- Education: University of Washington
- Occupation: Journalist
- Television: KATU (2008–2021) WMAR-TV (2002–2008) KIRO-TV (1982–2001) KLAS-TV (1981–1982)

= Brian Wood (journalist) =

American journalist

Brian Wood is an American journalist. He has spent most of his career working for news outlets in the Pacific Northwest of the United States.

==Early life==
Wood grew up in Bellevue, Washington, and attended Interlake High School, before graduating from the University of Washington with an honors degree in Political Science and Communications.

==Journalism career==

He shared the 1992 Peabody Award for reporting the documentary When the Salmon Runs Dry which explored the causes and effects of the declining population of wild salmon in the Columbia River system.

His work during the 1998 Olympics in Nagano, Japan was featured in The Seattle Times.

Wood's live reporting as the 2001 Nisqually earthquake hit Seattle on February 28, was broadcast internationally.

Wood was an anchor and reporter for KATU (TV) in Portland, Oregon.
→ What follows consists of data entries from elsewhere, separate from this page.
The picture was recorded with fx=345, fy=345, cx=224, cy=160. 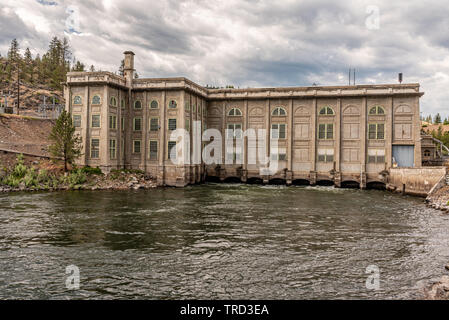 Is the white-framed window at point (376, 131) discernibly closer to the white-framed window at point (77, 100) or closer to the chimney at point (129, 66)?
the chimney at point (129, 66)

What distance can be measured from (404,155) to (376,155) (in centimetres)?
316

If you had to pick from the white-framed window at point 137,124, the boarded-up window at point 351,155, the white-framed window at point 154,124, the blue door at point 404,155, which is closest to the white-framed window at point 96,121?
the white-framed window at point 137,124

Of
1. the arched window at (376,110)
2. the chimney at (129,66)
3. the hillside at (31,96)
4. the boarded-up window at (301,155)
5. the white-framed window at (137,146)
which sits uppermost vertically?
the hillside at (31,96)

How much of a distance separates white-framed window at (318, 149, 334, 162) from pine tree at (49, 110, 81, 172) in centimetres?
2917

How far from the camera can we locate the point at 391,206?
27.7 metres

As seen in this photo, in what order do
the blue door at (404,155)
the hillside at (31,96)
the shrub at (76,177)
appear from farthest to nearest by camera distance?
1. the hillside at (31,96)
2. the blue door at (404,155)
3. the shrub at (76,177)

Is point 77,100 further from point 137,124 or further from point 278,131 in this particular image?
point 278,131

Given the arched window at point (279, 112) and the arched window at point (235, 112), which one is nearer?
the arched window at point (279, 112)

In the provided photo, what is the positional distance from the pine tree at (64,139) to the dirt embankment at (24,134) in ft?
23.1

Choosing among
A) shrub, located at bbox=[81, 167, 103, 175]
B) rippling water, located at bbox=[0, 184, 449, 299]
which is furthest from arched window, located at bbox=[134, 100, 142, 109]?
rippling water, located at bbox=[0, 184, 449, 299]

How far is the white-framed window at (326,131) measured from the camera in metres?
44.7

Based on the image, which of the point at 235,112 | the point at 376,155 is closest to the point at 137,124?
the point at 235,112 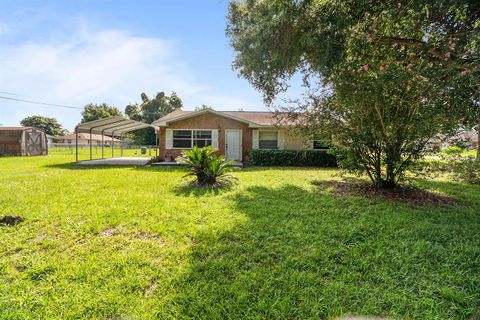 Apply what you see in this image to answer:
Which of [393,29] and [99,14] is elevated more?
[99,14]

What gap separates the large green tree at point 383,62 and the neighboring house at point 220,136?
332 inches

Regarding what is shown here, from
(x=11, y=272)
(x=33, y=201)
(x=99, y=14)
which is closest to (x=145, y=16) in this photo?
(x=99, y=14)

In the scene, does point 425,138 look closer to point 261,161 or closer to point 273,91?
point 273,91

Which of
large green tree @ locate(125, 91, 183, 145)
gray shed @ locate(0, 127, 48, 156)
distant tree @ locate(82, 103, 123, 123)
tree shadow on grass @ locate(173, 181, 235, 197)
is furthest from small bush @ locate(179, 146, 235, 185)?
distant tree @ locate(82, 103, 123, 123)

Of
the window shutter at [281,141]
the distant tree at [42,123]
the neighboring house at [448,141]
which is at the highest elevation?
the distant tree at [42,123]

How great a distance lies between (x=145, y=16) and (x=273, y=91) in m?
5.45

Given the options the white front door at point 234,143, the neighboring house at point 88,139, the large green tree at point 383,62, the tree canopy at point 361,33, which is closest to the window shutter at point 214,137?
the white front door at point 234,143

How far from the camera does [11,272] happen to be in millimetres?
3092

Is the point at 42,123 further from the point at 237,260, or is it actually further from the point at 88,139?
the point at 237,260

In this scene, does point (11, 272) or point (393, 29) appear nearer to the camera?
point (11, 272)

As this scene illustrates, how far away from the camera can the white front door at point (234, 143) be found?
1656cm

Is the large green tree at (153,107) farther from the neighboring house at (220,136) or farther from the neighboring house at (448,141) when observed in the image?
the neighboring house at (448,141)

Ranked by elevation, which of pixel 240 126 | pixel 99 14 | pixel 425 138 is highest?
pixel 99 14

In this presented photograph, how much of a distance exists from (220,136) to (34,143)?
2070 centimetres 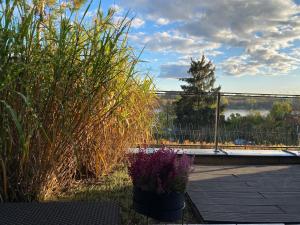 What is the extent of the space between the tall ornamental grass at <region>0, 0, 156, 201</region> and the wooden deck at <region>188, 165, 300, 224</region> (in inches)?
48.1

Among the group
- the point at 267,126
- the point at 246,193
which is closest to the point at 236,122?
the point at 267,126

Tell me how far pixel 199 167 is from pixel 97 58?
280cm

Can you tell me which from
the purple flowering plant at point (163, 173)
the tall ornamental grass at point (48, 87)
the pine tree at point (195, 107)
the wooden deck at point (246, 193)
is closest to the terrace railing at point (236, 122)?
the pine tree at point (195, 107)

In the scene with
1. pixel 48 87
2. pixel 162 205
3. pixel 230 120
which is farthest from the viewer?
pixel 230 120

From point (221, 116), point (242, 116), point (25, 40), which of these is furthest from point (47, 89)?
point (242, 116)

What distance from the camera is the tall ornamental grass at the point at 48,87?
2.62m

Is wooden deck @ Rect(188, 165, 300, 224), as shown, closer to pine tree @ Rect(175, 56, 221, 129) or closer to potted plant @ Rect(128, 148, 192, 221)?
potted plant @ Rect(128, 148, 192, 221)

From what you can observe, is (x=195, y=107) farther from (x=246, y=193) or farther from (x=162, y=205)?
(x=162, y=205)

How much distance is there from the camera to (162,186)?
2.47m

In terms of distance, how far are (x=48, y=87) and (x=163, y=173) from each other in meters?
1.02

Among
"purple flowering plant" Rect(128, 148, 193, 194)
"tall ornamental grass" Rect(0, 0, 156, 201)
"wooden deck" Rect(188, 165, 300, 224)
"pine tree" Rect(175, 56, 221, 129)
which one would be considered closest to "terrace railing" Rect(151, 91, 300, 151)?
"pine tree" Rect(175, 56, 221, 129)

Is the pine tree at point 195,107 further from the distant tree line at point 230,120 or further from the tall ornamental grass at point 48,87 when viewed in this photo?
the tall ornamental grass at point 48,87

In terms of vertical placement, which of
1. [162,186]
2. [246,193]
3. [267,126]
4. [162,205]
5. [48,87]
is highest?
[48,87]

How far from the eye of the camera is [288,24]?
7.46 m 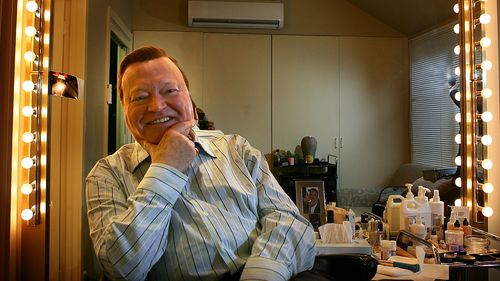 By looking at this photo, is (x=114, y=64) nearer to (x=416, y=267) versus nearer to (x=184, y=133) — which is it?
(x=184, y=133)

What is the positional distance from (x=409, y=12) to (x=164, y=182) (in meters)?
1.29

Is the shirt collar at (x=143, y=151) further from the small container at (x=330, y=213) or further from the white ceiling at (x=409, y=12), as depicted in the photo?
the white ceiling at (x=409, y=12)

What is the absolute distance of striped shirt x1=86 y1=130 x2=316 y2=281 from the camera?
740mm

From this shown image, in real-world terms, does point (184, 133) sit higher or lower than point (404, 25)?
lower

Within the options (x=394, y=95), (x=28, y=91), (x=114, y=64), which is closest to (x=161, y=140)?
(x=28, y=91)

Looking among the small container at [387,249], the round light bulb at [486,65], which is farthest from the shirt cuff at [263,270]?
the round light bulb at [486,65]

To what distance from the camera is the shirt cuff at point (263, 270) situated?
760 millimetres

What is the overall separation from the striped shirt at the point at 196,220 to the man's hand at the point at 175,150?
0.02 m

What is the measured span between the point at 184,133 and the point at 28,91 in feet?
1.67

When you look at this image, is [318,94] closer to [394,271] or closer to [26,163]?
[394,271]

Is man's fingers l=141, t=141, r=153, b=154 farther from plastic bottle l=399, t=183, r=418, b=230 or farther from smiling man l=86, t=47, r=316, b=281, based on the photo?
plastic bottle l=399, t=183, r=418, b=230

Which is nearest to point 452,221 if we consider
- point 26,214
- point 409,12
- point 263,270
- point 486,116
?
point 486,116

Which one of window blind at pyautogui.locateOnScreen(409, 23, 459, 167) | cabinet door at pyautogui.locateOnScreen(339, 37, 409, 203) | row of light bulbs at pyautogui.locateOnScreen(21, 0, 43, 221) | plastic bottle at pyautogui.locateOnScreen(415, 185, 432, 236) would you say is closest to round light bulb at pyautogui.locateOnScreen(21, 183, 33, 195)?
row of light bulbs at pyautogui.locateOnScreen(21, 0, 43, 221)

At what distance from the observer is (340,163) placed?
1.59m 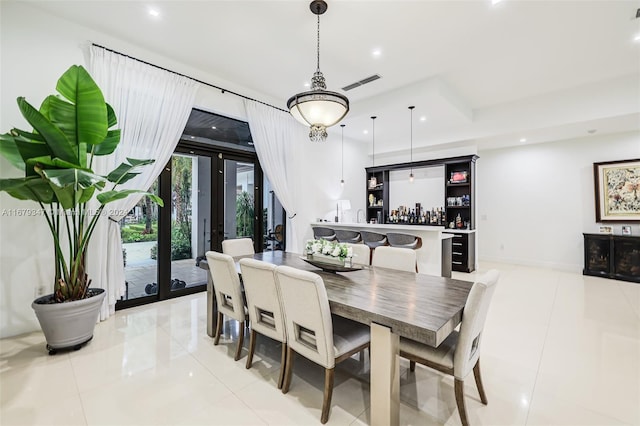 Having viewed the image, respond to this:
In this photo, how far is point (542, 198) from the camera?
6.36 metres

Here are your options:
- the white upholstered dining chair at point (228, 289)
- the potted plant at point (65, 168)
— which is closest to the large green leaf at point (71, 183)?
the potted plant at point (65, 168)

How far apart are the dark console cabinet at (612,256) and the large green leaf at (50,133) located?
8288 millimetres

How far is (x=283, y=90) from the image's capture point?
16.3ft

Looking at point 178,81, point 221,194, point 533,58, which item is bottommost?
point 221,194

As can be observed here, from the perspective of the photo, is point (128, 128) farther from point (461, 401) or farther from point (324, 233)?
point (461, 401)

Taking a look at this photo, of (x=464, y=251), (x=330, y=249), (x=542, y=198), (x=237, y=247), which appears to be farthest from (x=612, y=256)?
(x=237, y=247)

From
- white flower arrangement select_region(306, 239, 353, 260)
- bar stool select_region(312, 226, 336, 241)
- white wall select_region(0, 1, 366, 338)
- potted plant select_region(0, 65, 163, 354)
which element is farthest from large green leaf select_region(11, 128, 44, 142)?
bar stool select_region(312, 226, 336, 241)

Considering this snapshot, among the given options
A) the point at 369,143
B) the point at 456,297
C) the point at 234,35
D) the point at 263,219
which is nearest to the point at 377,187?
the point at 369,143

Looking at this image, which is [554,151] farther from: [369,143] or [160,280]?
[160,280]

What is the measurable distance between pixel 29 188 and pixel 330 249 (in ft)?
8.91

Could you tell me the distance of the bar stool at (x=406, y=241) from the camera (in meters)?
4.54

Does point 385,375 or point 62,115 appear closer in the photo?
point 385,375

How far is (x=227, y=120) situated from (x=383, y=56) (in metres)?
2.80

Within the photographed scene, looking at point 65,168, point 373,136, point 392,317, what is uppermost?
point 373,136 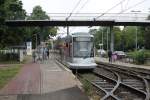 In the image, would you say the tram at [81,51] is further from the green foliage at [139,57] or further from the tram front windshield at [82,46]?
the green foliage at [139,57]

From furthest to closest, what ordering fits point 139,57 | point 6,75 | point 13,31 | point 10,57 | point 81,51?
point 10,57
point 13,31
point 139,57
point 81,51
point 6,75

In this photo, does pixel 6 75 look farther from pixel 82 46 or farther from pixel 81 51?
pixel 82 46

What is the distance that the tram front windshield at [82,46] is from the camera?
119ft

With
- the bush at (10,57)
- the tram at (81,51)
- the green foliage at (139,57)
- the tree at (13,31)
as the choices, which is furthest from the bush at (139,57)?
the tram at (81,51)

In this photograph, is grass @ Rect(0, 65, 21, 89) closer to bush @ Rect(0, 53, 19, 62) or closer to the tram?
the tram

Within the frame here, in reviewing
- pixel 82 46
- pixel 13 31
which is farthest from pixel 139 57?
pixel 82 46

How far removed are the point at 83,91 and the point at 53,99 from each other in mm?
2735

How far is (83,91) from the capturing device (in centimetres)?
1852

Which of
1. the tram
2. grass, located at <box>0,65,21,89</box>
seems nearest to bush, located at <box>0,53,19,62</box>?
the tram

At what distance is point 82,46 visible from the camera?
120 feet

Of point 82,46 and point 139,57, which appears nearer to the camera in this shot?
point 82,46

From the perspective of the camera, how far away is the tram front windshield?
36.3 meters

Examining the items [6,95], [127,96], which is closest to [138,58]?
[127,96]

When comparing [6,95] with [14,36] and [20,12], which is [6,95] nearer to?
[14,36] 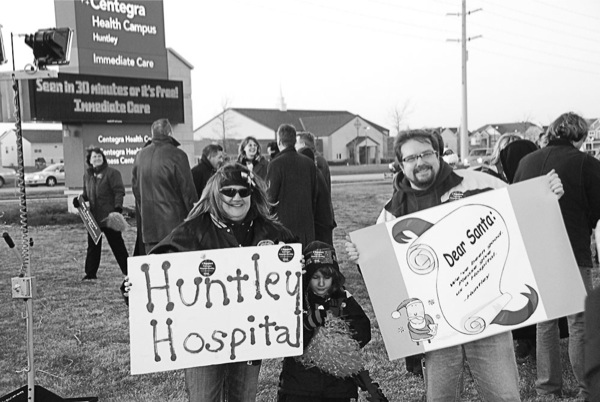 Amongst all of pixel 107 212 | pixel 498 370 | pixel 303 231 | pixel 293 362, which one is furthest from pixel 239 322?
pixel 107 212

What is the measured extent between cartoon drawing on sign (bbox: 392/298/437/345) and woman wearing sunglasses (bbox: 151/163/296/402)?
0.75 metres

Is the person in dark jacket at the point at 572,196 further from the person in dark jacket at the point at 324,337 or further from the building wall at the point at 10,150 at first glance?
the building wall at the point at 10,150

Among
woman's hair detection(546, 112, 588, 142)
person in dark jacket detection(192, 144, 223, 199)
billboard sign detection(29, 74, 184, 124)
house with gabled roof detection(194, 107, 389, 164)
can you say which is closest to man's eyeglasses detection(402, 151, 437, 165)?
woman's hair detection(546, 112, 588, 142)

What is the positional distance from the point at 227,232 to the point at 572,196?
7.85 ft

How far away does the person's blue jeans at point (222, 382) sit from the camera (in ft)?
10.6

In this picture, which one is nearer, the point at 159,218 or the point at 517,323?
the point at 517,323

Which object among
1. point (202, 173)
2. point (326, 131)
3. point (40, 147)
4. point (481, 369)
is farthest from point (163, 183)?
point (40, 147)

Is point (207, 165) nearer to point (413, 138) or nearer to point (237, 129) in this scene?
point (413, 138)

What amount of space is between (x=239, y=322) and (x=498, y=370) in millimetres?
1360

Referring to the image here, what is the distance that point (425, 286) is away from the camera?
3.21 meters

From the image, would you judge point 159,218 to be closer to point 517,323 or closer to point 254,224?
point 254,224

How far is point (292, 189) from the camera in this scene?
630cm

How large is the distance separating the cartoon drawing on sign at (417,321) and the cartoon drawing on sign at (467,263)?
0.33ft

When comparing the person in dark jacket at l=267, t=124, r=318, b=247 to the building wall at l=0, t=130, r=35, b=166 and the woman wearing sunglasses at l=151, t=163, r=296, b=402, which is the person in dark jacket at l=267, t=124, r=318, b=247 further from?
the building wall at l=0, t=130, r=35, b=166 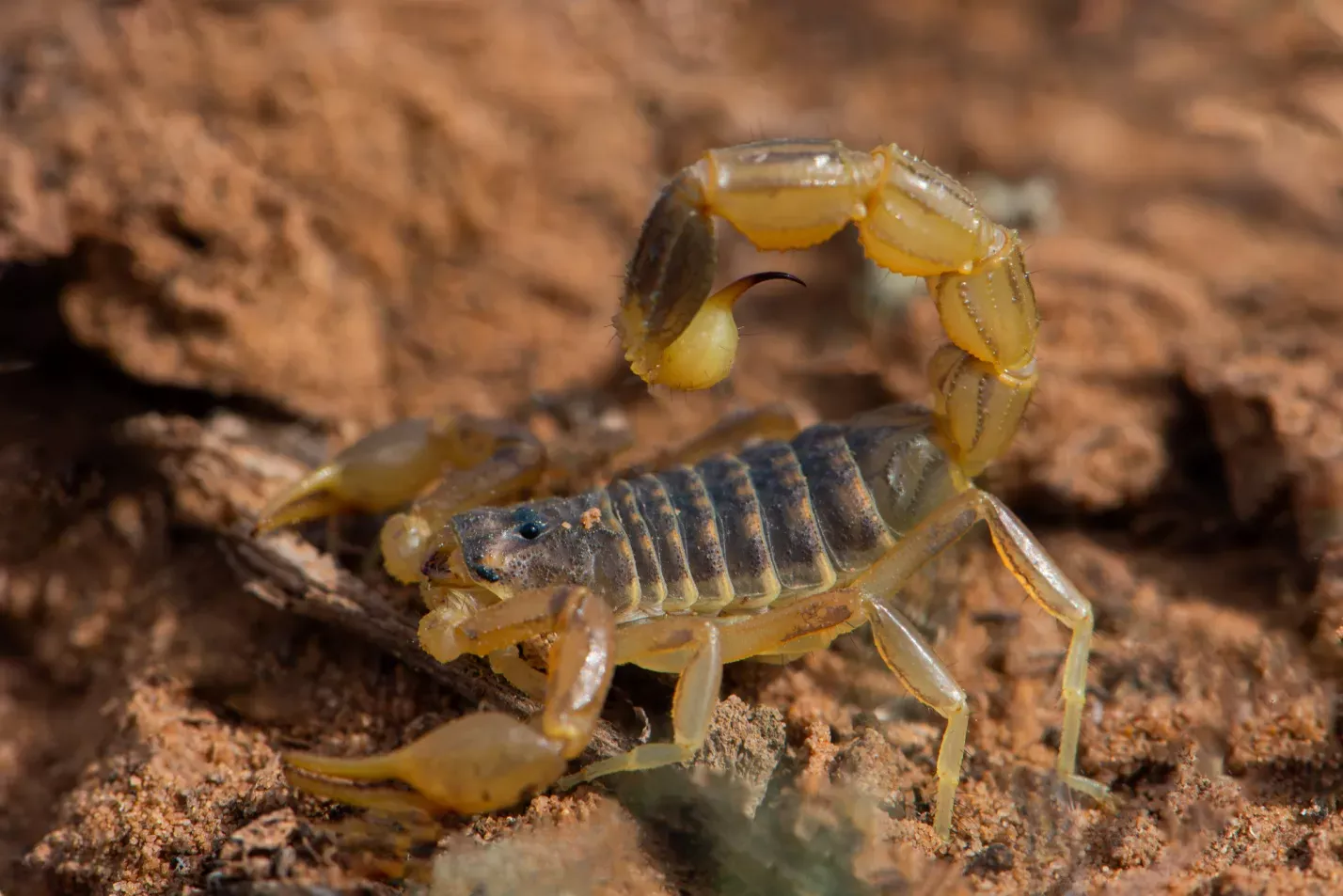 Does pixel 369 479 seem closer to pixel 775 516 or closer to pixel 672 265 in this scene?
pixel 775 516

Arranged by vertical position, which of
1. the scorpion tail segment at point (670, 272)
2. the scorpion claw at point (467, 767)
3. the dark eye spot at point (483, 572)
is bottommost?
the scorpion claw at point (467, 767)

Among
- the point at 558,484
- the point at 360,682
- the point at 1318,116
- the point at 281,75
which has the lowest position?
the point at 360,682

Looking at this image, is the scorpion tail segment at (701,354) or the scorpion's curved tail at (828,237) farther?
the scorpion tail segment at (701,354)

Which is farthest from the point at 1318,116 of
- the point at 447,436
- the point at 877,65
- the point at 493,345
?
the point at 447,436

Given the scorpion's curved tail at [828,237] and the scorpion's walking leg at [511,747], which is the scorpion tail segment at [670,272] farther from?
the scorpion's walking leg at [511,747]

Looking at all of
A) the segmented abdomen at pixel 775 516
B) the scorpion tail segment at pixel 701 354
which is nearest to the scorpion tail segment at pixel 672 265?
the scorpion tail segment at pixel 701 354

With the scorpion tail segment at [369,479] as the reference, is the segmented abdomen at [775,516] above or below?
above

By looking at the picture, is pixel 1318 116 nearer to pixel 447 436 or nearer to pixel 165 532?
pixel 447 436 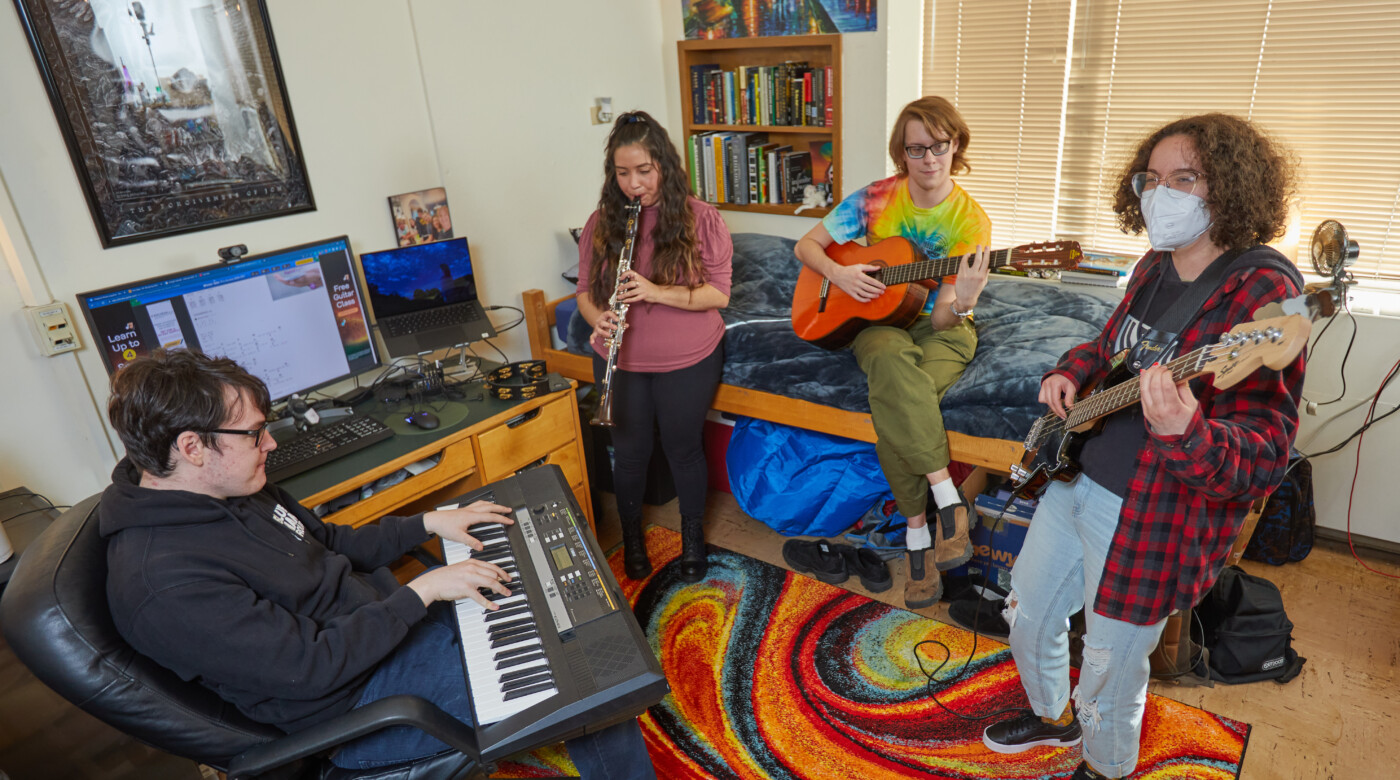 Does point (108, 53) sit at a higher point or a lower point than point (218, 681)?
higher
From 2002 to 2008 he was the main anchor and managing editor at WMAR-TV in Baltimore, Maryland.

He has also anchored and reported at KIRO-TV in Seattle, Washington, and KLAS-TV in Las Vegas, Nevada.

===Awards and recognition===
Wood has earned four Emmy awards and several AP and Society of Professional Journalists awards for his reporting on, among other subjects, the Green River Killer, the deadly immigrant smuggling on container ships from Hong Kong and the sinking of the Interstate 90 floating bridge in November 1990.